This morning I saw The Railway Man, starring Colin Firth and Nicole Kidman.
Eric Lomax (Firth) was a British soldier during World War II, taken as a prisoner of war by the Japanese. In an effort to learn what was going on in the outside world, he and his fellow soldiers successfully built a radio, but the discovery of that invention caused him to be severely tortured.
Lomax survived the war, but never forgot his hatred and disgust for one of his main captors, Tekashi Nagase (Hiroyuki Sanada). Nagase was an educated interpreter who Lomax felt should have shown mercy during the conflict, but instead displayed vicious cruelty.

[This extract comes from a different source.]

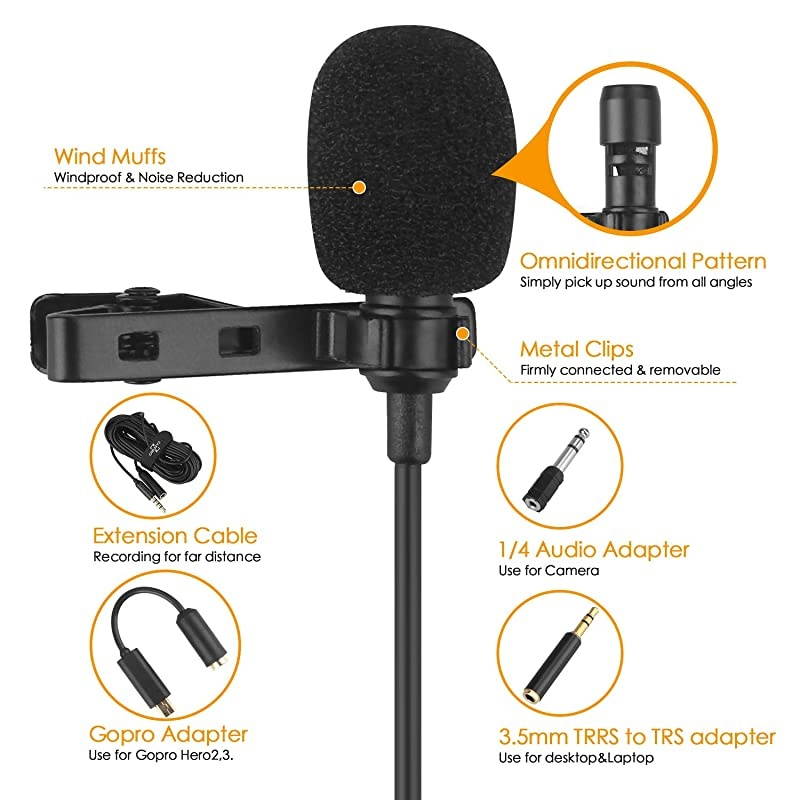 Lapel Microphone Kit Clip on Omnidirectional Lav Mic for iPhone Ipad DSLR Camcorder Zoom PC MacBook Android SmartphonesLapel Mic for YouTube Streaming Video Recording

In the 1980s, after a rocky career and numerous subsequent effects of post-traumatic stress disorder, Lomax met his second wife, Patti (Kidman). He shared his love of railways with her and their romance blossomed. Not long after their wedding, she realized how damaged he was.
Her love for him, and the support of the soldiers he survived with, led him to reunite with Nagase and ultimately forgive his actions. In fact, the two became close friends until Nagase's death just a few years ago.
The film, based on this true story, captures both the horrors of actual prison camps and the psychological pain that echoes decades later from the experience of violence.
Firth is his usual amazing self, exhibiting an aloof nature at first, then revealing his layers of agony for all to witness; Kidman gives her best performance in recent memory as the concerned and curious wife, desperate to bring peace to the love of her life.
It's a story that needed to be told, both to remember the errors of our combative past and to realize the power of healing through forgiveness.